I was a big fan of Sailor Jacks' predecessor, Captain Blythers. So I was a little wary walking through the door on a recent Friday evening.

My worries instantly vanished. Whereas Captain Blythers had character with its sloping floors and antique furniture, Sailor Jacks has a fresh, simplistic look that enhances rather than detracts from its crown jewel: the views beyond the bay windows.

Sailor Jacks essentially rebuilt the restaurant from the ground up.

"We discovered that the building had no foundation," said owner James Morgan. "It had been there from 1868, so it needed a little work. We gutted the kitchen, brought in new furniture and just tried to improve on what was already there."

Golds and maroons blanket the walls, which are covered in still-life paintings of wines, cheeses, breads and fruit.

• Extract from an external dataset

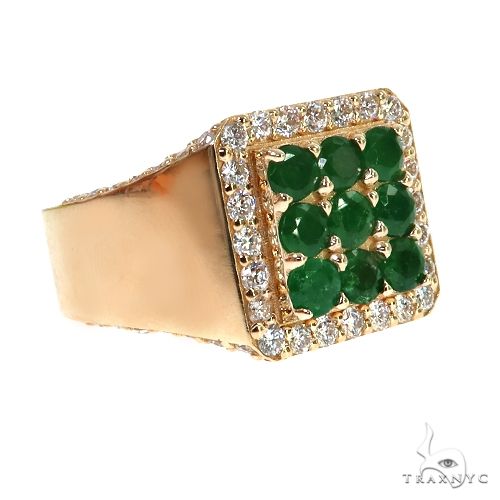 14K Gold 3x3 Emerald Diamond Ring, photo 2 of 6
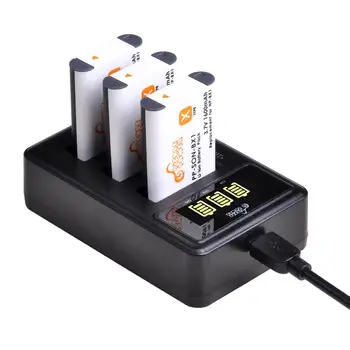 NP-BX1 NP BX1 Batérie + 3 Sloty LED Nabíjačka pre Sony FDR-X3000R RX100 AS100V AS300 HX400 HX60 AS50 WX350 AS300V HDR-AS300R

Window shades block out the sun without totally obscuring the views. Entrees and starters are served in pristine white dishes. A full bar still remains upstairs (and is open for one extra hour nightly after food service ends). An outdoor patio is ideal on summer days.

We settled into our table by the window and immediately were greeted by our server, Sharon.

Prompt and efficient service are all I expect when dining out; Sharon went a step further, seeming to anticipate our needs and to genuinely care about our experience. She even served up a dish of ranch dressing when she overheard my stepdaugther, Dana, say she prefers that to catsup with her fries.

Solid selections

For starters, Dana chose a cup of New England clam chowder ($6) garnished with an in-shell clam and loaded with fresh clams and potatoes. Dana loves clam chowder and gave this one a thumb's up.

My husband opted for the pan-roasted cherry stone clams ($12) in a garlic and chardonnay sauce. The medium-size clams were surprisingly rich with meat and succulent in their sauce. My husband never even felt inclined to reach for the slice of lemon that Sharon brought to the table.

I selected the Star Route Farms organic baby iceberg lettuce ($8.50) that is Sailor Jacks' version of a wedge. The fresh salad was crisp but benefited most of all from the flavorful crumbles of honey bacon. Instead of blue cheese dressing, I had the ranch, which tasted homemade rather than from a bottle.

We didn't have long to wait for our entrees after the appetizer plates were cleared.

Once again, my family went for variety. Dana ordered the Big John's Garlic Vodka Prawns ($21) served over mashed potatoes and julienned seasonal vegetables. The dish was packed with a delicious and bold spice. The vegetables, however, tasted stringy and overcooked.

My husband went with the Anchor Steam Battered Fish and Chips ($15) served with lime scallion slaw. Again, the side dish lacked "wow," but the battered fish was plump, crisp and tasty.

I steered away from the seafood to sample the 16-ounce ribeye steak ($27), cooked just the way I ordered it and smothered in a melted Pt. Reyes Blue cheese shallot butter that enhanced the flavor of every bite. The garlic fries were excellent, too, with the right blend of garlic and spices; everyone helped me polish these off.

Portion problem

Sailor Jacks took some hits in the first few months following its April opening because of the quality of the food.

Without question, executive chef Maynard Oestreich and his staff have come into their own. Almost everything we ate was delicious. Dana even called the Chocolate Seduction Cake ($6.50) with raspberry sauce and homemade whip cream the best chocolate cake she's ever eaten - I was impressed, too.

My only problem with Sailor Jacks, and one that may resonate with many diners, is the portion size. Dana's entree came with only five prawns — nowhere near enough to warrant a $21 price tag. The fish and chips were piled high with fries but featured only two pieces of fish.

On the flip side, Sailor Jacks is very generous with its drink servings. My husband's glass of chardonnay ($6) was full and his dessert port ($9) more than double what he usually receives when dining out.

The latter may go a long way to explaining why guests linger so long at Sailor Jacks. At the end of the day, nothing beats sipping a drink while staring out at one of the Bay Area's top water views.